**RECORDS PROVIDED**
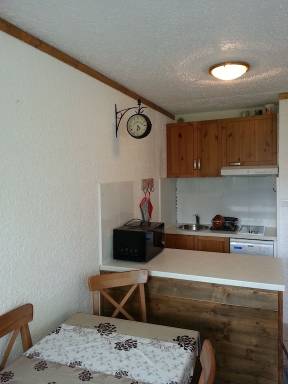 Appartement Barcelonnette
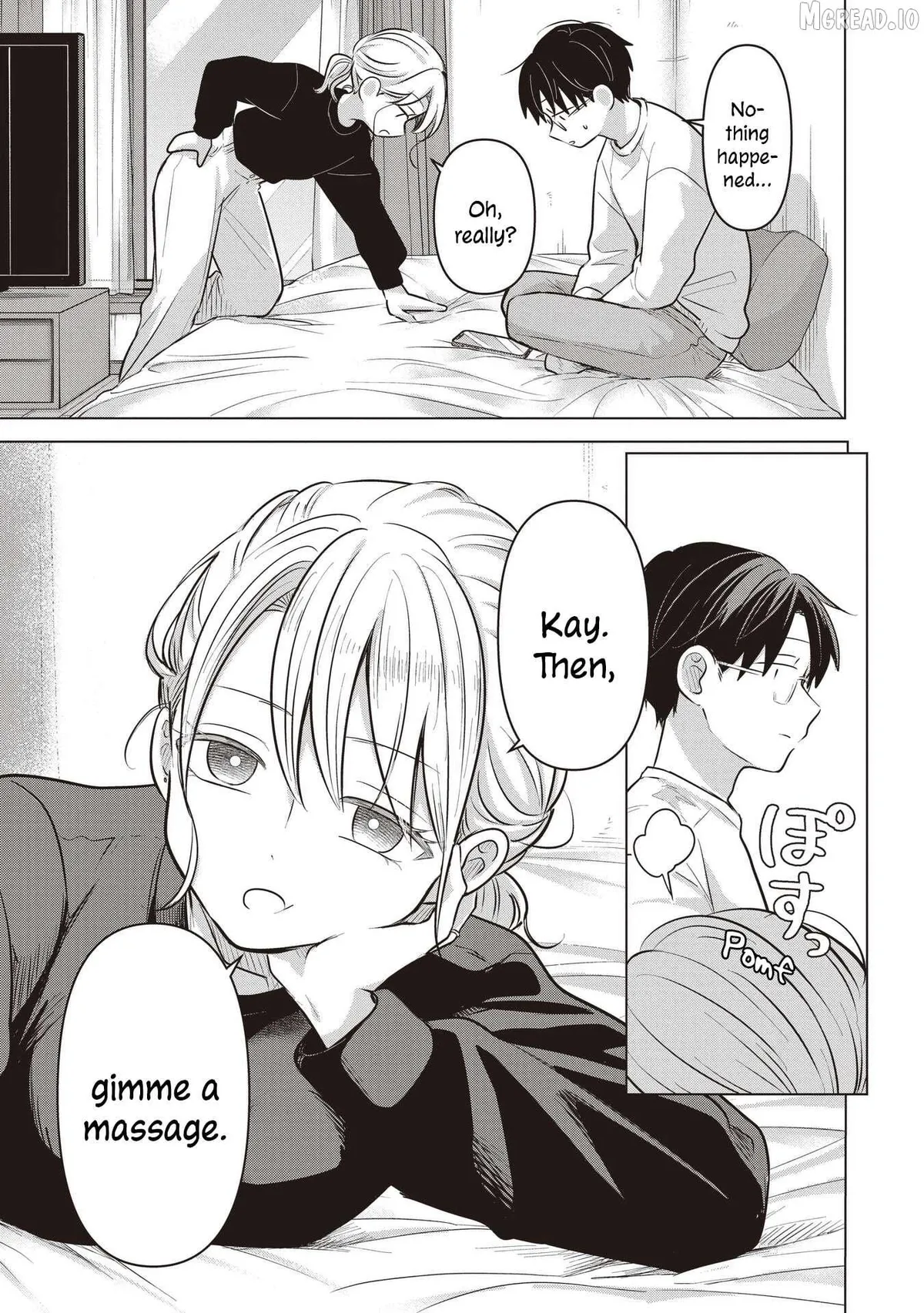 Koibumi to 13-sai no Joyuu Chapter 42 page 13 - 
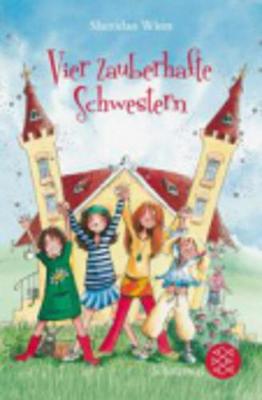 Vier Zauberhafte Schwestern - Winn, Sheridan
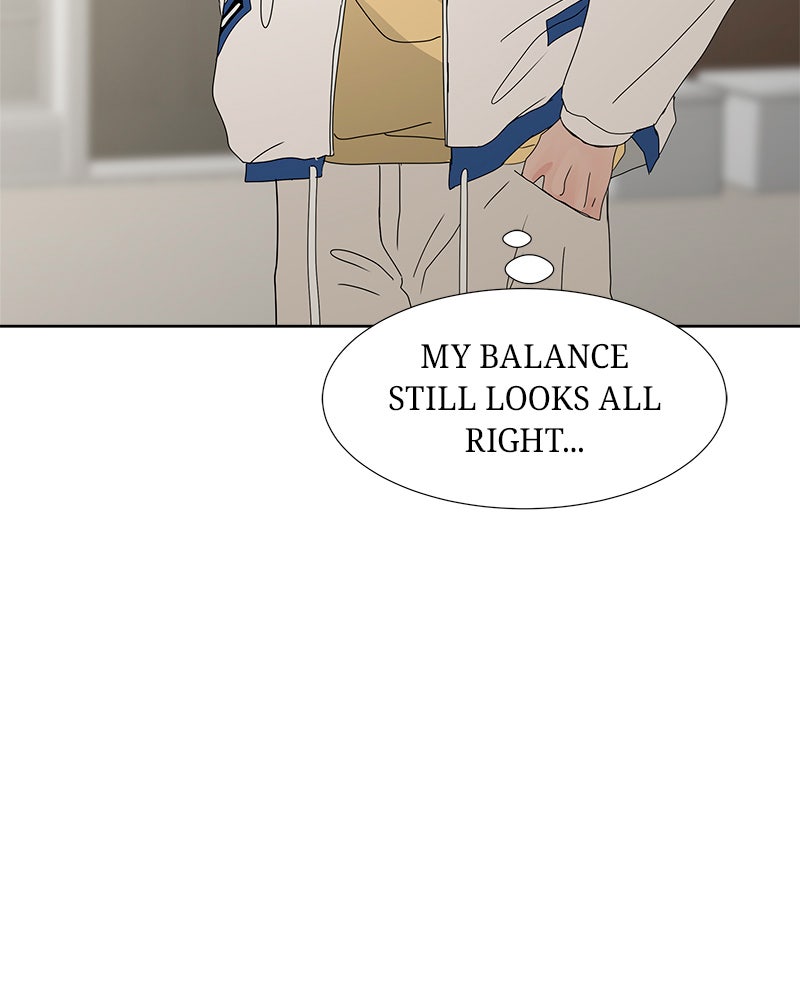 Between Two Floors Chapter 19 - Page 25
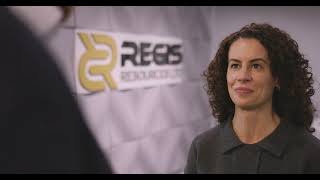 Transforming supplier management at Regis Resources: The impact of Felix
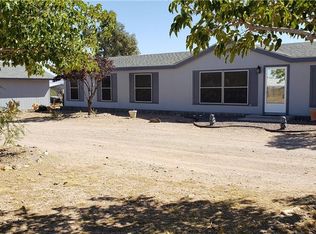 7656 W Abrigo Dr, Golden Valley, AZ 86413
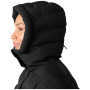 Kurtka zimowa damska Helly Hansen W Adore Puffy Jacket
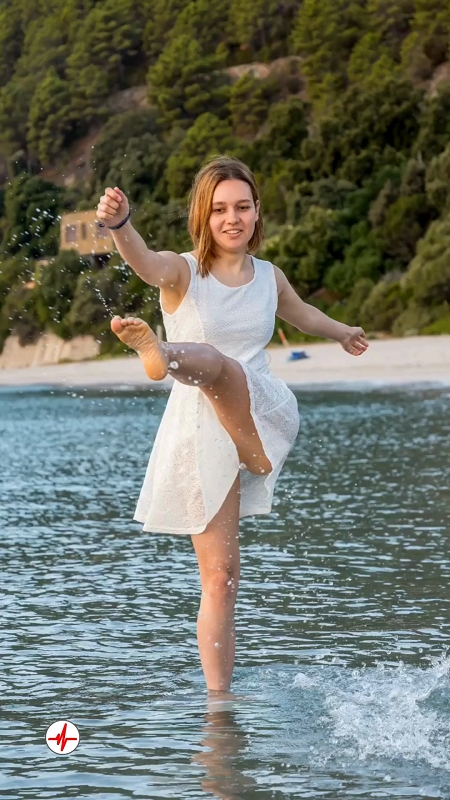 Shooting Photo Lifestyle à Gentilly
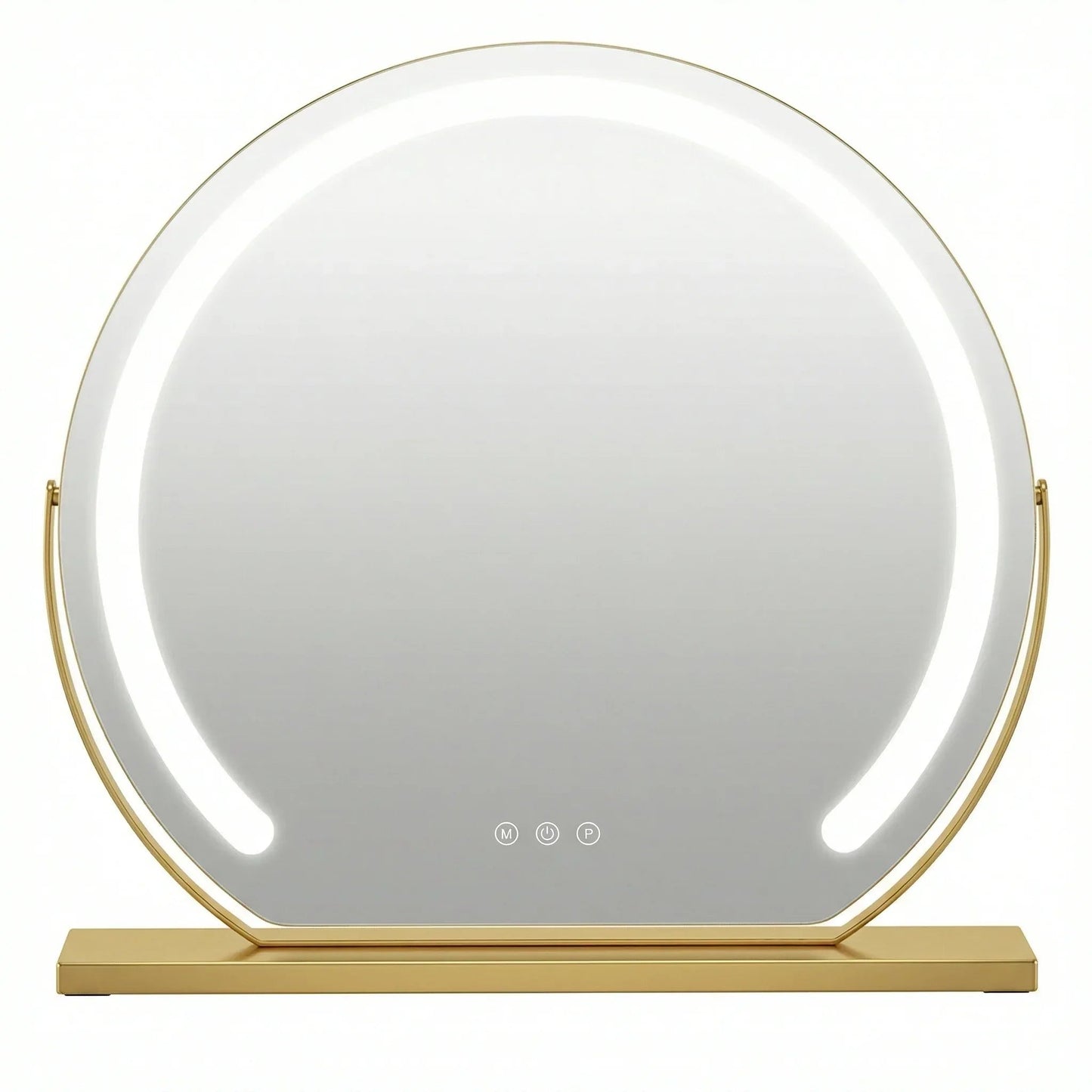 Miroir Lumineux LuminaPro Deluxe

**EXERCISE GOAL**
Pictures are not part of the copy; transcribe the rest of the data verbatim.

**ANSWER TO THE EXERCISE**
 Appartement Barcelonnette
 Koibumi to 13-sai no Joyuu Chapter 42 page 13 - 
 Vier Zauberhafte Schwestern - Winn, Sheridan
 Between Two Floors Chapter 19 - Page 25
 Transforming supplier management at Regis Resources: The impact of Felix
 7656 W Abrigo Dr, Golden Valley, AZ 86413
 Kurtka zimowa damska Helly Hansen W Adore Puffy Jacket
 Shooting Photo Lifestyle à Gentilly
 Miroir Lumineux LuminaPro Deluxe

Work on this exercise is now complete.